Coalitions need to model the world in order to achieve their goals, but grant money is useful, too. This scenario suggests coalition members working on their shared maps might follow a strategy schema that could be summarized in slogan form as—

Speak the truth, even if your voice tremblesunless adding that truth to our map would make it x% harder for our coalition to compete for Imperial grant money, in which case, obfuscate, play dumb, stonewall, rationalize, report dishonestly, filter evidence, violate Gricean maxims, lie by omission, gerrymander the relevant category boundaries, &c.

(But outright lying is out of the question, because that would be contrary to the moral law.)

Then the coalition faces a choice of the exact value of x. Smaller values of x correspond to a more intellectually dishonest strategy, requiring only a small inconvenience before resorting to obfuscatory tactics.

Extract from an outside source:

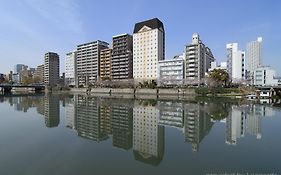 The Royal Park Hotel Hiroshima Riverside Exterior photo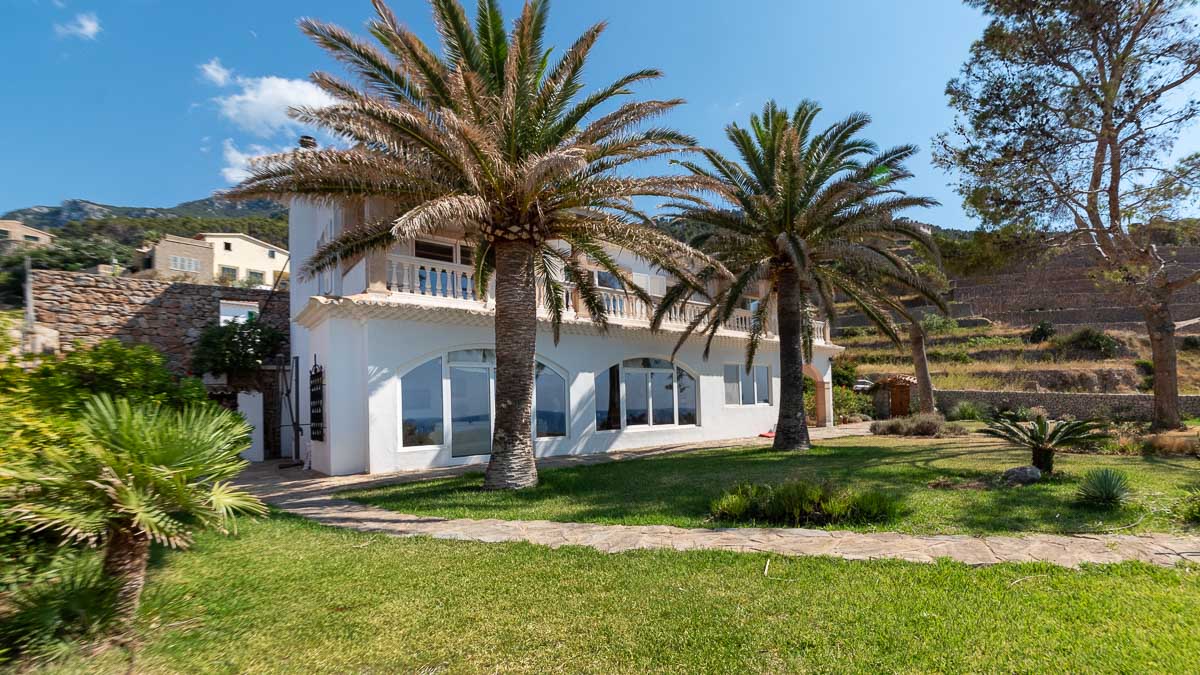 Finca Banyalbufar, Mallorca, Espanja 5 makuuhuonetta, 364 m2 No. 99920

Larger values of x correspond to more intellectual honesty: in the limit as x → ∞, we just get, “Speak the truth, even if your voice trembles (full stop).”

Which choice of x looks best is going to depend on the coalition’s current beliefs: coalition members can only deliberate on the optimal trade-off between map accuracy and money using their current map, rather than something else.

But as the immortal Scott Alexander explains, situations in which choices about the current value of a parameter, alter the process that makes future choices about that same parameter, are prone to a “slippery slope” effect: Gandhi isn’t a murderer, but may quickly become one if he’s willing to accept a bribe to take a pill that makes him both more violent and less averse to taking more such pills.

The slide down a slippery slope tends to stop at “sticky” Schelling points: choices that, for whatever reason, are unusually salient in a way that makes them a natural focal point for mutual expectations, an answer different agents (or the same agent at different times) might give to the infinitely recursive question, “What would I do if I were her, wondering what she would do if she were me, wondering what …?”

In the absence of distinguished salient intermediate points along the uniformly continuous trade-off between maximally accurate world-models and sucking up to the Emperor, the only Schelling points are x = ∞ (tell the truth, the whole truth, and nothing but the truth) and x = 0 (do everything short of outright lying to win grants). In this model, the tension between these two “attractors” for coordination may tend to promote coalitional schisms.